Ja, ich gebe zu, auch wir gehören mit unserem Transporter leider selbst zu den Mitverursachern des großen Hypes. Der Caravaning Industrie Verband meldet rund 70.000 Neuzulassungen von Vans und Reisemobilen in Deutschland – allein im Jahr 2023!

Aber zu meiner Verteidigung möchte ich vorbringen: Campingbusse wie unserer haben meist Pkw-Größe und nehmen genau einen Parkplatz ein. Das Wohnmobil, das sich vor uns aufgebaut hat, ist eine andere Nummer und auch die haben leider Hochkonjunktur.

Es dringt nun aus zwei Metern Höhe eine Stimme an unsere Ohren: „Wir haben Zeit.“ Es dauert einen Moment, bis ich verstehe, was der Typ im lederbesesselten Cockpit damit meint: Er will den Campingplatz verlassen und wir sollen dafür unseren Bus bewegen, ihm Platz machen.

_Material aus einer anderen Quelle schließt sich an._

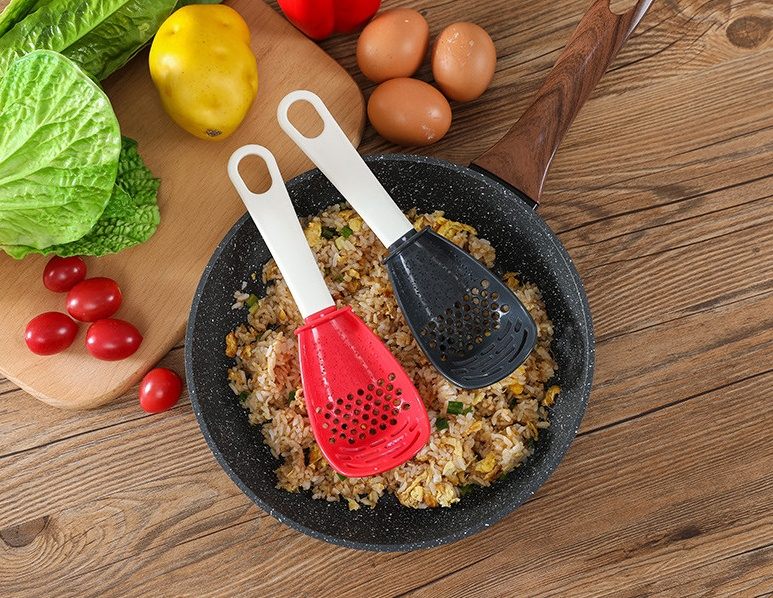 Fried rice in a pan with two silicone spatulas, surrounded by vegetables on a wooden surface.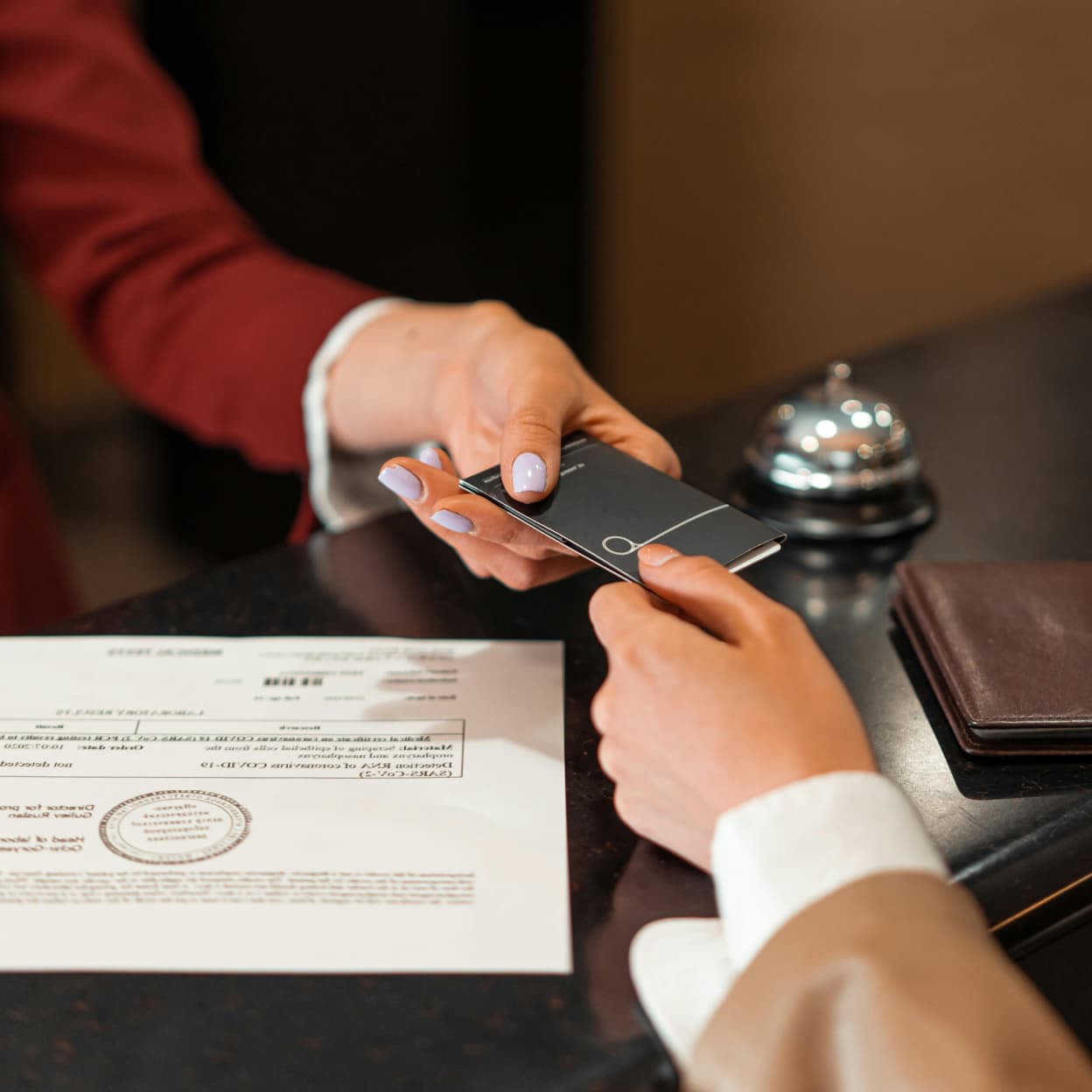 A hotel receptionist handing a keycard to a guest at the front desk, illustrating hospitality writing.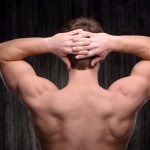 Close up of sporty man demonstrating back muscles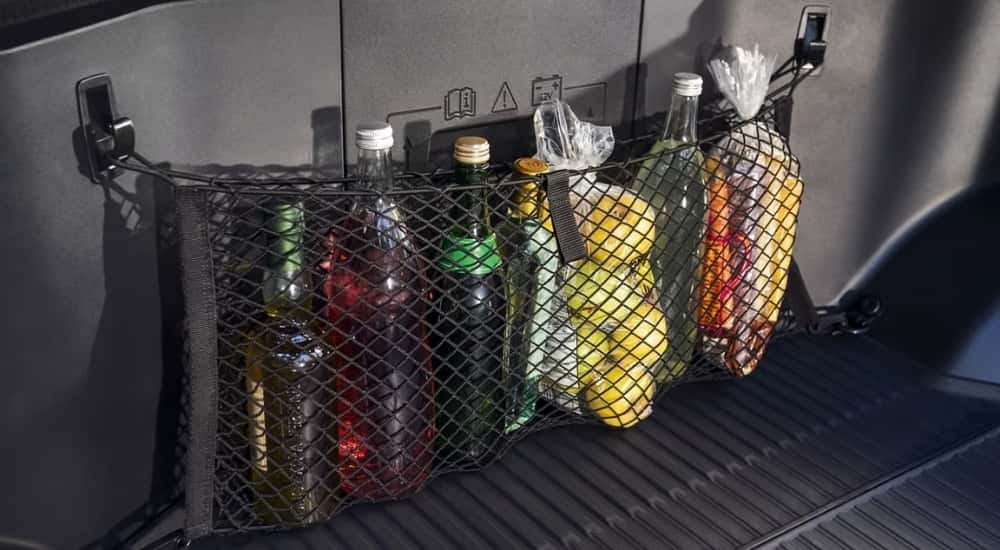 A close-up shows beverages in a 2022 Ford F-150 Lightning. 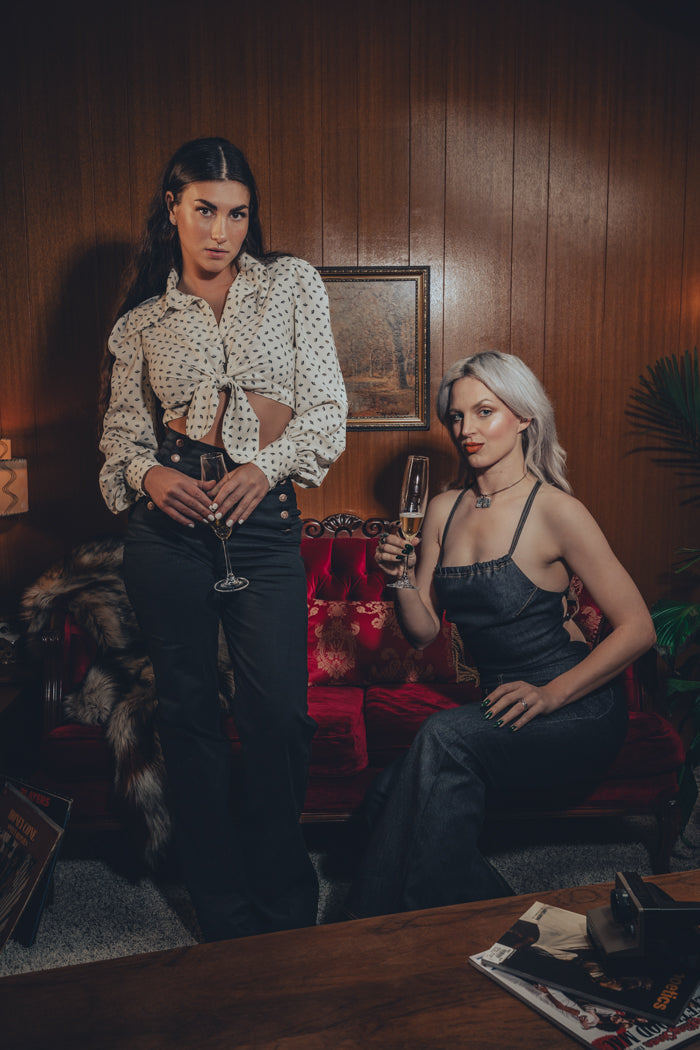 models channels 1970s fashion with flared black trousers and a vest and the other model wears a strappy backless black denim jumpsuit in a groovy home with wood paneling and funky decor.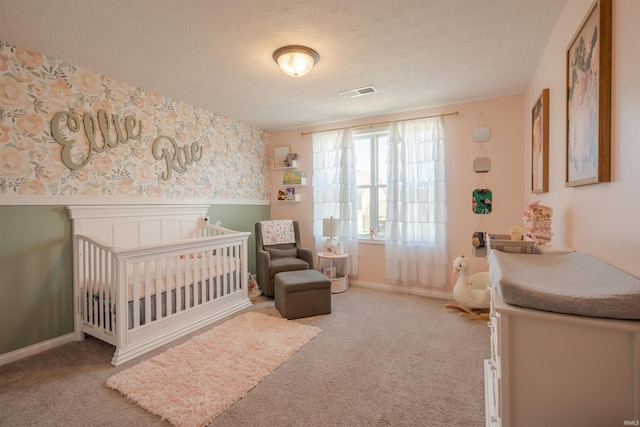 carpeted bedroom with a textured ceiling and a nursery area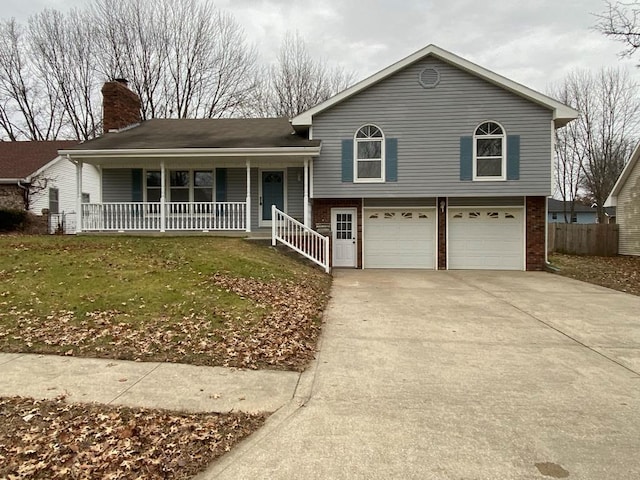 split level home featuring a front yard, covered porch, and a garage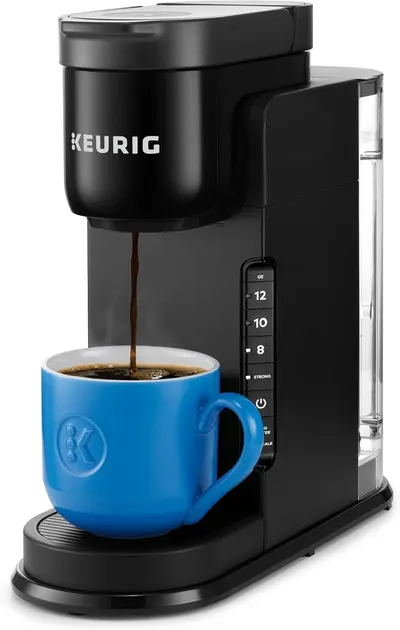 Shows the coffee maker actively brewing coffee into a mug to demonstrate how the product works and what it does, reassuring shoppers about its functionality and ease of use. Displays the core…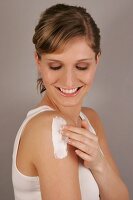 Charlotte woman with blonde hair applying lotion on her arm looking down, smiling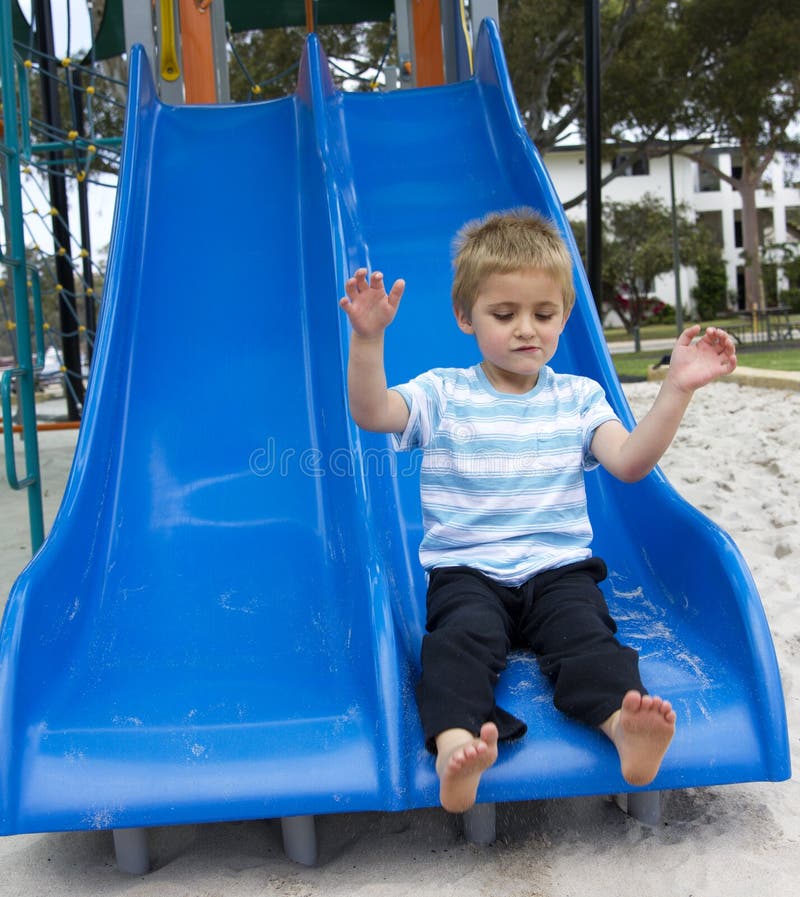 Close up of young boy sliding in the park. Close up of young boy sliding in the park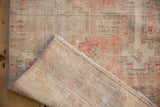 The hand-knotted reverse and secure machine-bound edge of a distressed vintage Oushak rug.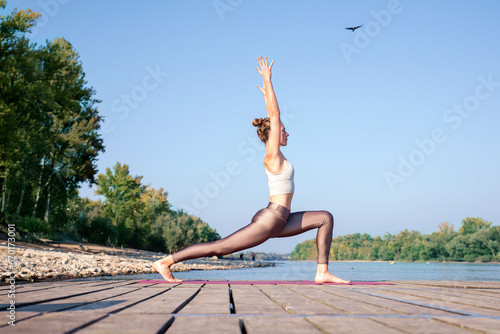 Full length of a woman practicing yoga in summer on a jetty at a lake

Er kommt mit seinem Koloss nicht an uns vorbei, ohne die Zweige der Olivenbäume mit seiner Sat-Schüssel zu touchieren. Für ihn steht außer Frage, wer sich bewegen muss. Immerhin hat er 700.000 Euro oder mehr übrig, um sich einen „Grand Empire“ zu kaufen.

Seit Tagen schon beobachte ich irritiert, was er und seine Frau unter Camping verstehen. Sie löste mit freudloser Mine Kreuzworträtsel unter der elektrisch ausfahrbaren Markise, während er auf dem Flachbildschirm „Tatort“ guckte. Sonnenuntergang, Natur? Och nö. Ein paar Mal sind die beiden mit dem Smart aufgebrochen, den der Koloss in der Heckgarage dabeihat. Praktisch, denn durch die engen Gassen von korsischen Dörfchen kommt man mit bis zu 12 Meter langen Monstern nicht.

Freundlich Platz machen

Eigentlich gilt für mich: Jedem Tierchen sein Pläsierchen. Aber ganz ehrlich, ich gehe zelten, um genau solche Menschen nicht zu treffen. Warum bleibt ihr nicht in eurer Villa am Zürichsee, Leute? Oder bucht euch eine 5-Sterne-Wilderness-Lodge? Was treibt euch mit 500 Liter Diesel im Tank auf Naturcampingplätze, wo Kinder nackt herumlaufen und niederes Volk, mit dem ihr keinen Kontakt wollt, Gemeinschaftstoiletten benutzt, die ihr nicht braucht? Was lässt euch glauben, dass so viel Raum euch und euren Monsterfahrzeugen gehört und ihr am Strand natürlich in erster Reihe steht?

Das alles hätte ich gern mal gefragt, aber stattdessen machen wir reflexhaft freundlich Platz. Mein „Du Wichser“ kommt so leise, dass der fahrende Großgrundbesitzer es nicht gehört hat. Aber immerhin: Wieder Platz für drei neue Zelte.